There are times (in fact, let’s be honest, it’s most of the time) that I feel like it’s not reasonable to grieve who I was before I had kids, stayed home, was married, stopped working. Those are my choices. I don’t regret them. But with every choice that is made, others are left on the side of the road. You watch them fade in the distance like a kid who presses her snotty nose against the back window pane in the family chevy station wagon as she watches the circus get smaller and smaller. It was a fun day - now it’s time for home. The kid licks her cotton candy sticky fingers and thinks about her bed.
I have this guilt around missing who I was or perhaps who I am - but am not being at the moment.  Let me state, for the record, that I know that I am blessed. I have a husband whom I love and is an able and steady provider. I have my three boys, a house in the suburbs with an excellent school, friendly neighbors, holidays full of loved ones and antiques that have been handed down to me. What I’ve set aside or made take a backseat or let slip is my ongoing connection to my creativity.  It’s been set on the shelf over the years that I’ve folded clothes, changed diapers, run errands, scheduled doctor’s appointments. Some women do it. They keep the channel open right through having kids and mortgage payments and bunko nights. Some women feel too strongly to let it go or make getting their kids gatorade and crackers when they have the flu more important than scratching down song lyrics that occur to them or writing because they have to. I haven’t been one of those women. I’ve done bits and pieces. I’ve gotten committed for brief periods of time. Then the fridge breaks down, the animals get fleas, the kids need homework help and again I let it slide,  whatever my inner voice is telling me to create.

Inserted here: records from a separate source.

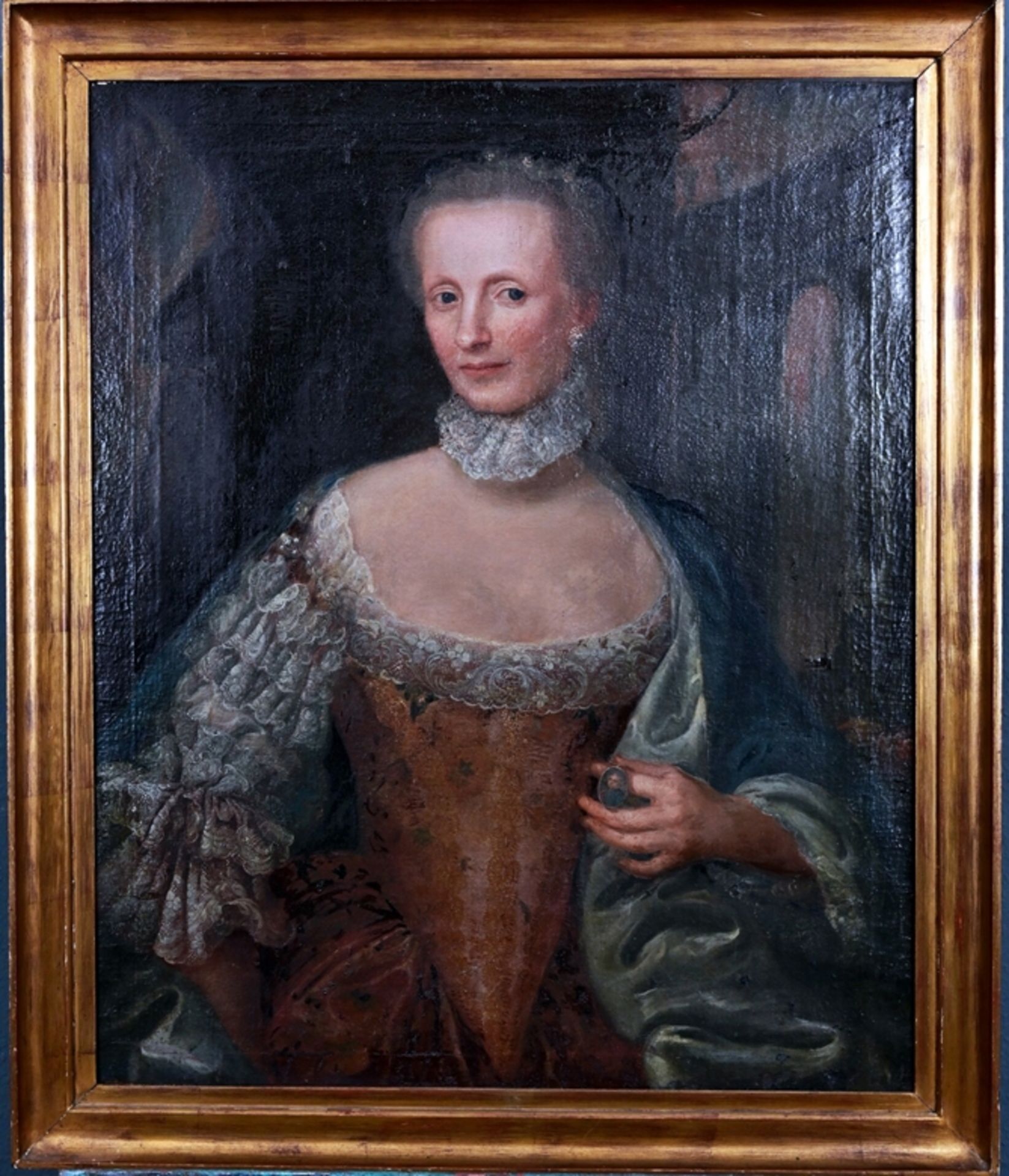 Portrait der "Eva Katharina von Holleben", geb. von Linstow, vermählt d. 29.1.1742, verstorben 1745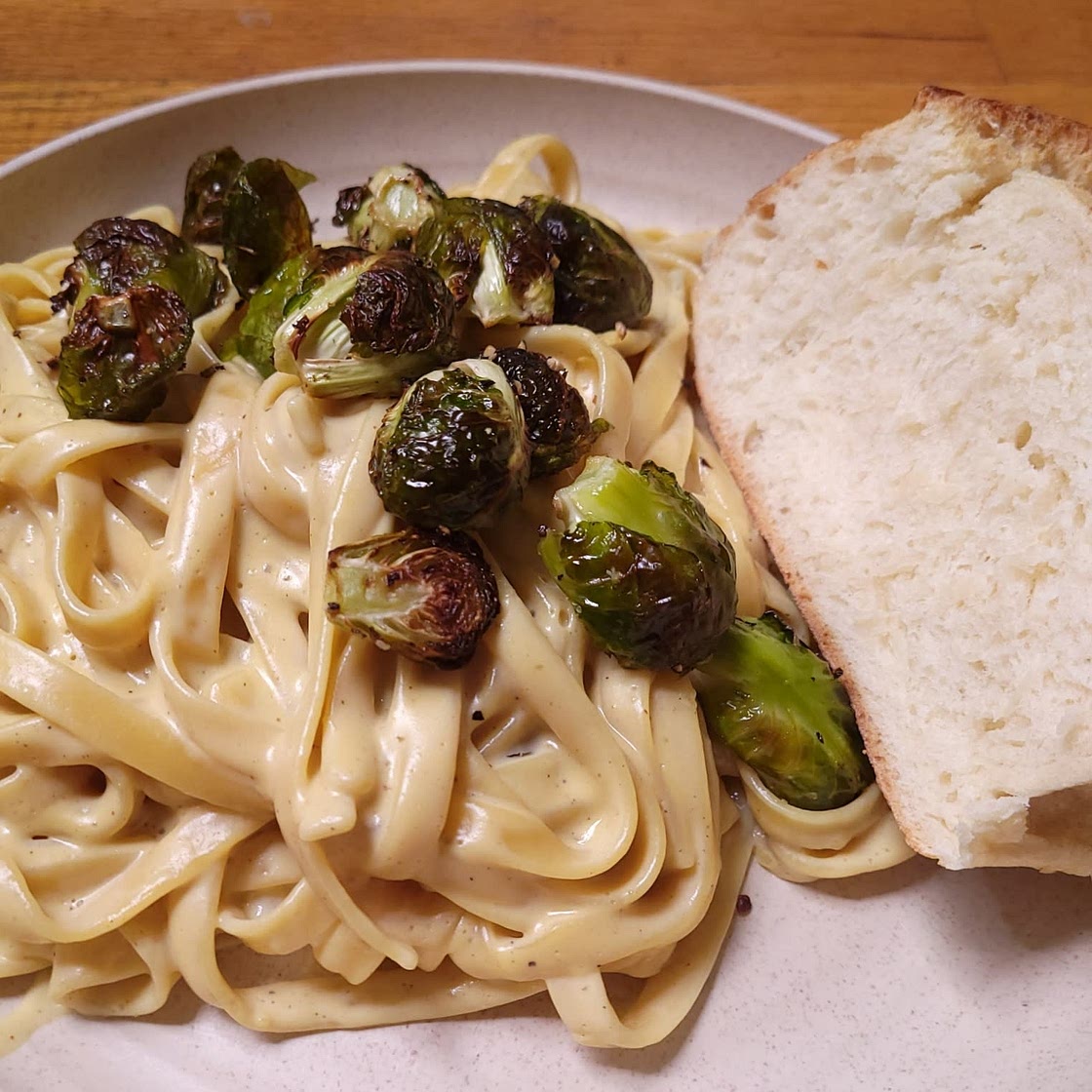 Garlic and White Wine Pasta with Brussels Sprouts
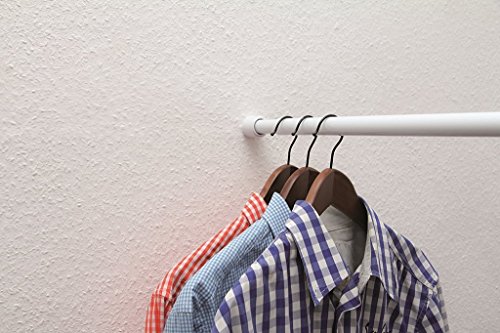 Spannstange Gardinenstange Duschvorhangstange Weiß Metall, ausdrehbar 80-130 cm, vielseitig einsetzbar, ohne Schrauben und Bohren - 5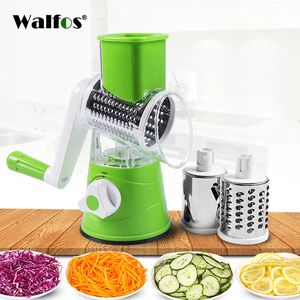 WALFOS 3 in 1 Groentesnijder Handmatig Keukenaccessoires Rasp Groentensnijder Ronde hakmolen Mandoline Shredder Aardappelgadgets 240105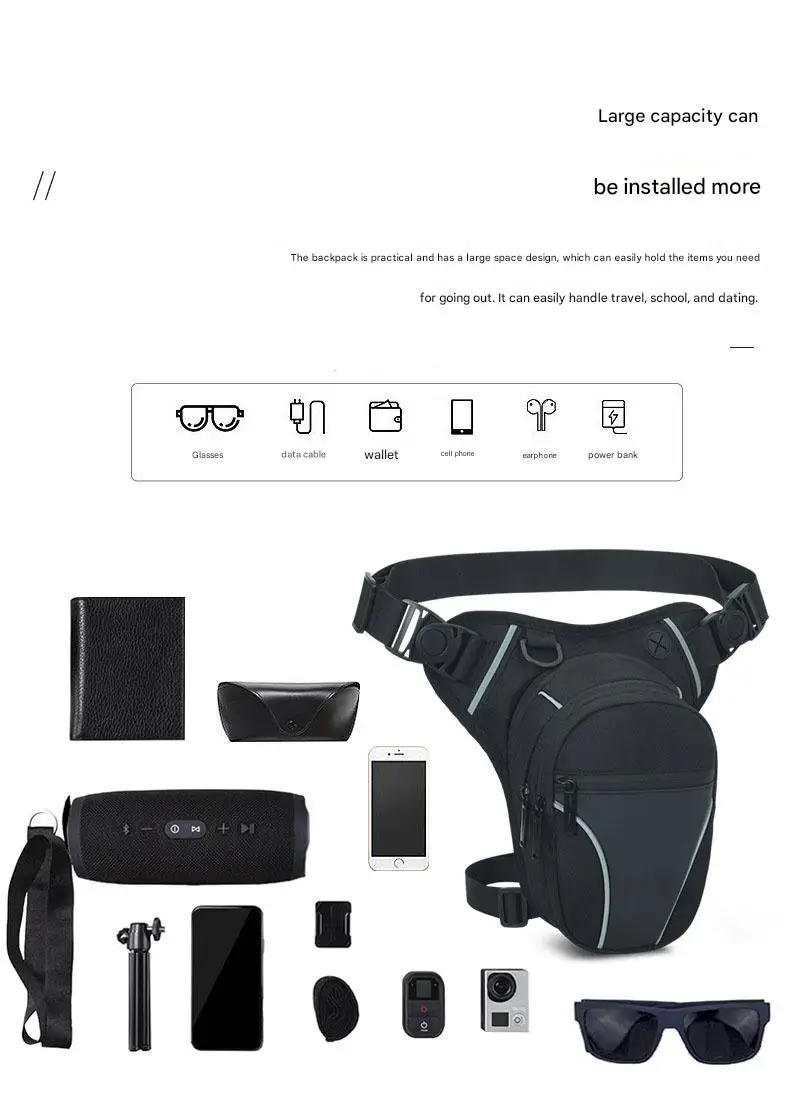 Multi-Function Outdoor Sports Chest Bag for Water-Repellent Motorcycle Luggage Saddlebags Leg Bag Mobile Phone Storage for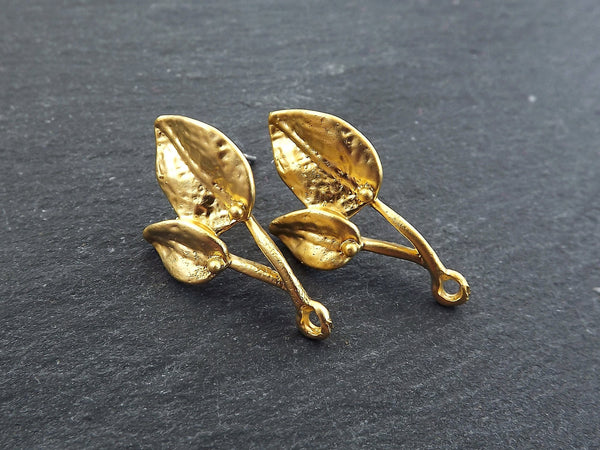 Leaf Earring Posts, Vine Leaves Stud Earrings, Ear Post Earrings Component, 22k Matte Gold, 1 Pair, with Butterfly Backs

I’ve told it “no” or set it aside enough so that now that voice is thin and small and easily ignored. When I go to see Shawn Colvin at the Troubadour the lump in my throat tells me that the 20-something who connected with that music is still there. I’m right here. I’m 47 now and have a white streak of hair and lines around my mouth but I’m very much still the same person.  How do I be this person, the younger, connected-to-her-muse one and the person I’m used to being, the one who drives 35 minutes to Monrovia to take her son a bottle of water to his flag football game and see 15 minutes of it before driving 35 minutes back home. I’d like it if she could sit down and make some kind of a deal with 22 year old me who heard “Steady On” streaming from the car at Bennington college and was touched by the melody and the lyrics. I’d like it if the mes could hash out a custody arrangement. Perhaps young me could have some time while the kids are in school. Old me is kind of controlling and likes getting things done and isn’t too sure about letting young me take the wheel. She’s worried that if I plug into inspiration it will take over and I won’t be able to accomplish all the things I need to do on a given day. 47 year old me is thinking about what’s for dinner and the dog needs another walk and the kids need ortho appointments and is worried that letting go of the reins will mean chaos.  It all just makes me want to cry.

I go back to the lyrics that pull at my heart then and now. Shawn sings:
“I am weaving
Like a drunkard
Like a balloon up in the air
I am needing a puncture and someone
To point me somewhere
I’m gonna keep my head on straight
I just hope it’s not too late
Open up the gate I go straight on, steady on

Steady on!”

If I touch in with myself I know that no one, not the world, not society, no one gets to tell me how I should or shouldn’t feel.  It’s OK for me to miss the things that my decisions have left behind. It’s alright for me to feel sentimental about myself before all this wonderful stuff like kids and marriage and houses in the suburbs happened. The question is - what do I do with this? What do I do with the lump in my throat and my yearning to reconnect with the parts of myself that have been neglected?  I think I go “Steady On” into negotiations with my own self. I set the table, pour the tea and ask my inner persons to begin negotiating.